Venezuela : Juan Guaido, président autoproclamé par intérim

Juan Guaido, président du nouveau Parlement vénézuélien où l'opposition est majoritaire, s'est autoproclamé chef de l'Etat par intérim.

Le Parlement vénézuélien estime que Maduro, réélu l'été dernier au terme d'un scrutin boycotté par les principales forces de l'opposition, est un usurpateur.

Principal opposant, Juan Guaido, 35 ans, espère être en mesure d'unifier les opposants et se dit prêt à remplacer l’héritier Hugo Chavez à titre provisoire, avec le soutien de l'armée, le temps d'organiser des élections libres.

Aujourd'hui, 23 janvier* 2019, en tant que président de l'Assemblée nationale, invoquant les articles de la Constitution bolivarienne de la République du Venezuela, toute notre action étant basée sur notre Constitution, devant Dieu tout-puissant, le Venezuela, et avec tout le respect de mes collègues et membres de la Table de l'Unité, je jure d'assumer formellement les compétences du pouvoir exécutif national , en tant que président en charge du Venezuela pour parvenir à l'arrêt de l'usurpation du pouvoir, un gouvernement de transition, et des élections libres, a-t-il déclaré depuis une tribune.

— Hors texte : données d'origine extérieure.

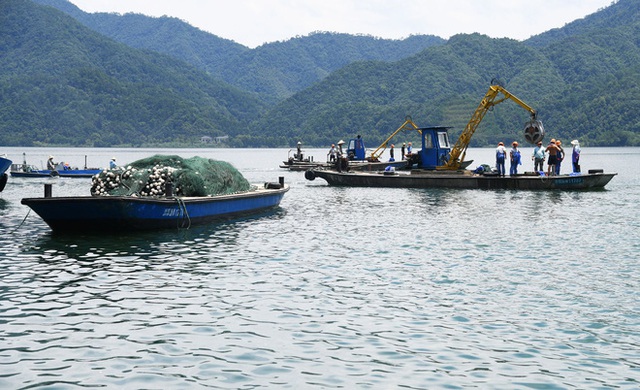 Trung Quốc: Đập thủy điện xả lũ, bội thu 25.000kg cá mè hoa - Ảnh 1.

Le désespoir et l'intolérance portent atteinte à la paix de la Nation. Nous, soldats de la patrie, nous n'acceptons pas un président imposé à l'ombre d'intérêts obscurs ni autoproclamé en marge de la loi. L'armée défend notre Constitution et est garante de la souveraineté nationale, a affirmé quelques heures cette annonce, Vladimir Padrino, le ministre de la Défense.

La Cour suprême, favorable au régime, a jugé que le Parlement ne devait pas reconnaître Guaido comme son président et demandé aux services du procureur de l'Etat d'ouvrir une enquête sur lui.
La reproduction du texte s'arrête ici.